“Right now, they are named Boomer-Pit and Big Mac.”
That is what Dmitri Gadreau, an eighth grade student at St. John’s Academy, shared about what his class named their adopted storm drains. “But we plan on having a contest this month to rename the them.”
Right before the pandemic, students at St. John’s Academy in San Francisco’s Outer Richmond neighborhood enjoyed cleaning their adopted storm drains through the SFPUC’s Adopt a Drain program as part of their science class. Then, the City’s shelter-in-place orders went into affect and the students continued their education at home for over a year. Recently in April, the students started to return back into the classroom on campus, and they didn’t waste any time getting back into the routine of cleaning their adopted drains.
Just a few weeks after returning to school, Kelly Newman, a science teacher at St. John’s Academy, was eager to get her science classes reacquainted with their adopted drains.

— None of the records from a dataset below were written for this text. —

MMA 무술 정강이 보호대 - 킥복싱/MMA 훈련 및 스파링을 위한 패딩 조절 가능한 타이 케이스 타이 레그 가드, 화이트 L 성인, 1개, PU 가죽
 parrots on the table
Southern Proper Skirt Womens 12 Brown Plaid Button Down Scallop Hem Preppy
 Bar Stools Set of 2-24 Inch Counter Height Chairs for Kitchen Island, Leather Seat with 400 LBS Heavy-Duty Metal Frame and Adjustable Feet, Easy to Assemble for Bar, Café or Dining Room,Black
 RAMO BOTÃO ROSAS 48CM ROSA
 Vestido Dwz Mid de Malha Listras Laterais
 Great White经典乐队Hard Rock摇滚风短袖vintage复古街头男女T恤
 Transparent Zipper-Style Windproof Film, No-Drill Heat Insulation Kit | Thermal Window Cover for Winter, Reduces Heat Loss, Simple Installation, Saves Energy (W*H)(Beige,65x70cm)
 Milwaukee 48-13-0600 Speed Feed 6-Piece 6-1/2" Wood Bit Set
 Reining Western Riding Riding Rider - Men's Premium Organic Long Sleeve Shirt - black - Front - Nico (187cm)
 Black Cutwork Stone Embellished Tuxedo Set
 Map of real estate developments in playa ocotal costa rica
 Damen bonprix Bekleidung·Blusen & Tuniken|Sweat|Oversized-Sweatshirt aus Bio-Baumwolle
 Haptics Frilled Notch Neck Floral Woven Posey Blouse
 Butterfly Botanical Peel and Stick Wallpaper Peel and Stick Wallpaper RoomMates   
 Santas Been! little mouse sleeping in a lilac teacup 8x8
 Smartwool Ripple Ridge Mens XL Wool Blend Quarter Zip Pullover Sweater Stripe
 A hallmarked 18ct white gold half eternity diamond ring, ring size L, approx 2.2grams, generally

“At first it felt foreign to be standing in front of a storm drain wearing gloves, donning a rake and a dustpan,” explained Newman. “But as soon as they start cleaning and finding trash, things that have blown in the wind and have landed on the street, close to the storm drain, they start getting into it and are realizing the difference they are making.”
This middle and high school science teacher has a passion for the environment, particularly for educating students about how pollution effects the environment and the ecosystem. A marine biologist turned teacher, she believes the hands-on experience through adopting a drain is teaching valuable lessons.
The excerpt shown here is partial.